ASSIGNMENT: Using the data below, return word for word every line from the one holding "So join the" down to the one holding "Notice that we". Leave pictures out.

[Dataset excerpts]
::::
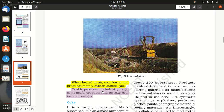Coal is processed in industry to get some useful products such as coke, coal tar, and coal gas.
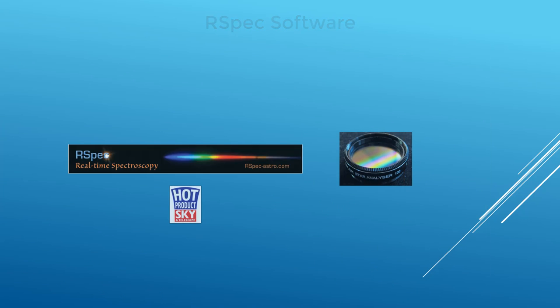So join the thousands of amateur astronomers, just like you, who are already discovering the exciting field of astronomical spectroscopy.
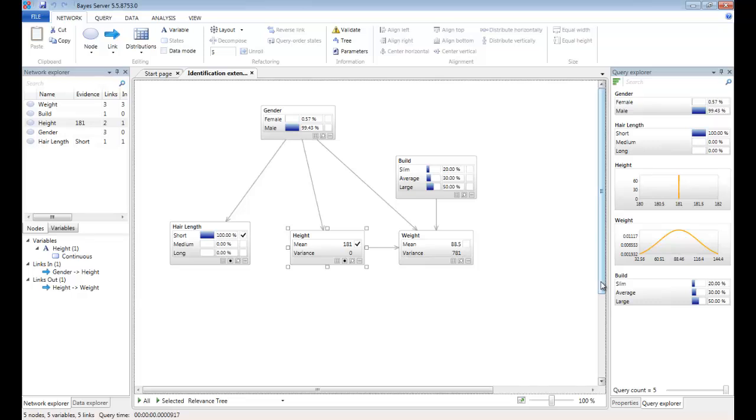Notice that we didn't have to set evidence on all the variables in the network in order to get a prediction on gender. This is something Bayesian networks handle naturally. You notice here that we haven't had to specify a value for weight or build in order to get a prediction.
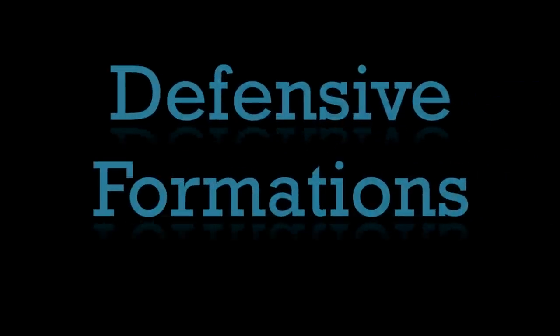In the last video we took a look at some of the formations that the offensive team lines up in. So let's flip it around and look at the other side of the ball and take a look at how the defense will be setting up. Let's just jump right in here.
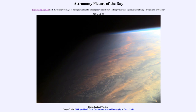The International Space Station moves around very quickly — it orbits the Earth once every 90 minutes. That means it is able to see a lot of sunrises and sunsets over the course of a single 24-hour day.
::::
RESPONSE FOR THIS EXERCISE:
So join the thousands of amateur astronomers, just like you, who are already discovering the exciting field of astronomical spectroscopy.
Notice that we didn't have to set evidence on all the variables in the network in order to get a prediction on gender. This is something Bayesian networks handle naturally. You notice here that we haven't had to specify a value for weight or build in order to get a prediction.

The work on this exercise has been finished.